--- INFORMATION ---

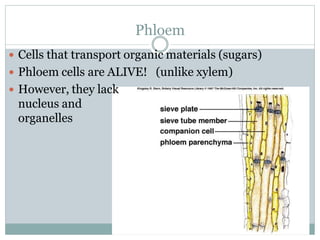 Phloem
 Cells that transport organic materials (sugars)
 Phloem cells are ALIVE! (unlike xylem)
 However, they lack
nucleus and
organelles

---

The answer should consist only of the lines from the one containing "ALIVE! (unlike xylem)" through the last line of the data, given again exactly.

 Phloem cells are ALIVE! (unlike xylem)
 However, they lack
nucleus and
organelles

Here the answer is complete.